Petit éloge du poste-frontière

M. Loïc Hervé, sénateur de Haute-Savoie, a récemment interpellé son gouvernement en faveur de la suppression des postes-frontières franco-genevois. Ils seraient responsables des embouteillages subis par des milliers de frontaliers. La frontière franco-belge – l’une de ces frontières de l’Union européenne que ne marque qu’un petit panneau sur une glissière d’autoroute mouillée de brume – lui sert de modèle. Il voudrait voir se créer, autour de Genève, «une agglomération de vie». Il pousse à «réfléchir à une frontière fluide».

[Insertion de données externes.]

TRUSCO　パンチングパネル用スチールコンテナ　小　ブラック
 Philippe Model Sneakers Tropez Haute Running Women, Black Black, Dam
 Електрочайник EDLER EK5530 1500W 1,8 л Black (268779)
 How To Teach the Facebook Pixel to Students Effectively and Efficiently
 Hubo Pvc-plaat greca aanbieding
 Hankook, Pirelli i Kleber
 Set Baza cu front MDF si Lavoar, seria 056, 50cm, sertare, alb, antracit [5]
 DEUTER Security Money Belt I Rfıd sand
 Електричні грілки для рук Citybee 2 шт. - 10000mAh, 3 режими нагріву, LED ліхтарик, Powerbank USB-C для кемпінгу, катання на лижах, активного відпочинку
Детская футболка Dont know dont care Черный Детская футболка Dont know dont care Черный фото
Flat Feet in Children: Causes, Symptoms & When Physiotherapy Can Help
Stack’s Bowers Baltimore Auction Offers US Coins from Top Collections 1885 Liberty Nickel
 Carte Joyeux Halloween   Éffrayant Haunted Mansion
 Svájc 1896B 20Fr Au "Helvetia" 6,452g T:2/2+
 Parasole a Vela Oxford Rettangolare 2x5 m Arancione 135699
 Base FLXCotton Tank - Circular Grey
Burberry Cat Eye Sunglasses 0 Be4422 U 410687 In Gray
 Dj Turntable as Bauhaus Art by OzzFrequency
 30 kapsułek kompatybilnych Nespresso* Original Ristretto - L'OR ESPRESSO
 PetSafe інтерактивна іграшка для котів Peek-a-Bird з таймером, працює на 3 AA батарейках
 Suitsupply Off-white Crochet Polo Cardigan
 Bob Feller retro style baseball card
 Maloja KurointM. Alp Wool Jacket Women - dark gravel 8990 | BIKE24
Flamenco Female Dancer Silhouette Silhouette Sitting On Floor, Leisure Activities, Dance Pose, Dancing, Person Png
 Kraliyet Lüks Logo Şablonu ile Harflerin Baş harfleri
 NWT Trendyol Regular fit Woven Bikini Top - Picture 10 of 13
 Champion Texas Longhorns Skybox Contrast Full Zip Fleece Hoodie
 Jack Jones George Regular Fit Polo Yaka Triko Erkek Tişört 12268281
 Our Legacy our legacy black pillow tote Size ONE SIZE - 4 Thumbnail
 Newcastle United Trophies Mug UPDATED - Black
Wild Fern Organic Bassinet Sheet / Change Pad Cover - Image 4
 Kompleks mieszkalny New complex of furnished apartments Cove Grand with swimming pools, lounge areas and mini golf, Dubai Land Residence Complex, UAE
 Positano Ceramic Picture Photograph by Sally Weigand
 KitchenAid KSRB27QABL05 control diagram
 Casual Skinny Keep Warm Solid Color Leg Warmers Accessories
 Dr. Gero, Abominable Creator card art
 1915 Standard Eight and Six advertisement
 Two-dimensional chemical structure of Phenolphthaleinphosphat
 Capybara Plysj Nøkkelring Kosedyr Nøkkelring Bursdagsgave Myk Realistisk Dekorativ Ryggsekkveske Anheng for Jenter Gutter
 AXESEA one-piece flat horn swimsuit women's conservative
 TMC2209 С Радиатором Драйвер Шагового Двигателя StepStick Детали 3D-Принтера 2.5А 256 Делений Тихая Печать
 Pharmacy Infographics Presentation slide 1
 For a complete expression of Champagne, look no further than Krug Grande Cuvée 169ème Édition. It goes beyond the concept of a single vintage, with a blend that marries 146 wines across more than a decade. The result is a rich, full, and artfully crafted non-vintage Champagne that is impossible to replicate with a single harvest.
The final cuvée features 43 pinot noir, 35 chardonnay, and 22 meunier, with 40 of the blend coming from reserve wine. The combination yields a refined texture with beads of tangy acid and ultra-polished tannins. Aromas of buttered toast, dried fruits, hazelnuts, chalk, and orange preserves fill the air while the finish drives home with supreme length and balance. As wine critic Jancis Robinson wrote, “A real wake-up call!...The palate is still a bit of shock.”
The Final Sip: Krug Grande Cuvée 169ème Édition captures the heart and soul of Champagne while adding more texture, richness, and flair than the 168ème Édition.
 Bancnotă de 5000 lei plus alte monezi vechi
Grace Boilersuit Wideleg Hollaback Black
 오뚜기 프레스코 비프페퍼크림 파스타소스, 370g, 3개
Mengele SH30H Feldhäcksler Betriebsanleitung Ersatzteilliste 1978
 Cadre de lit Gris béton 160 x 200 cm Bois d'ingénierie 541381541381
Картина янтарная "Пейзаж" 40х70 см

Une frontière marque une fin, dans toutes les acceptions du mot: fin comme «but» et fin comme «terminaison».

Le but, la frontière l’assigne à nos autorités en délimitant le territoire de leur juridiction. En fixant dans l’espace la sphère d’épanouissement du pouvoir politique, la frontière dessine les contours physiques de sa responsabilité. Sans frontières, l’action politique est inefficace et se résume à un coup d’épée dans l’eau, l’onde de choc s’évanouissant à l’infini – justement. Mais d’où vient-elle cette limite juridique à la si grande portée?

L’espace que délimite une frontière se résume à deux éléments: une communauté et un territoire. Pour les familles qui le peuplent, «habiter un territoire» signifie de l’avoir – au fil des siècles – fait leur, dans un geste de lente appropriation. L’histoire tient naturellement un rôle de premier plan. On découvre en l’étudiant de fascinantes continuités. Les limites de certaines seigneuries médiévales constituent aujourd’hui des frontières communales, cantonales ou fédérales. Parfois les trois à la fois. Elles mettent en évidence des centres de pouvoir et des zones d’influence. Elles rappellent des querelles de voisinage et des mariages de raison, des batailles sanglantes et des congrès pleins de diplomates murmurants.

L’écrivain lillois Jérôme Leroy, évoquant dans l’un de ses romans ces mornes frontières du Benelux, regrettait la disparition «du plaisir presque physique de franchir une frontière». Le poste-frontière ne sert pas que de bureau de douane. Même fermé et inoccupé, il matérialise dans l’espace la soumission à un nouveau souverain, avec ses traditions et institutions propres.

Premier et dernier bâtiment étatique que l’on verra en quittant un pays, le poste-frontière est symboliquement un bâtiment important. Et M. Hervé, au lieu de demander leur suppression, pourrait inviter son gouvernement à embellir les tristes cahutes ovales aux crépis fatigués avec lesquelles la France accueille les voyageurs. Que les drapeaux claquent au vent! Que les douaniers portent la main au képi! Insistons sur ces franchissements. Voyons le poste-frontière comme la marque visible de ces nations qui constituent l’Europe. Leur mosaïque est ce qui fait de nous des Européens. Pas le fait d’appartenir à des «agglomérations de vie».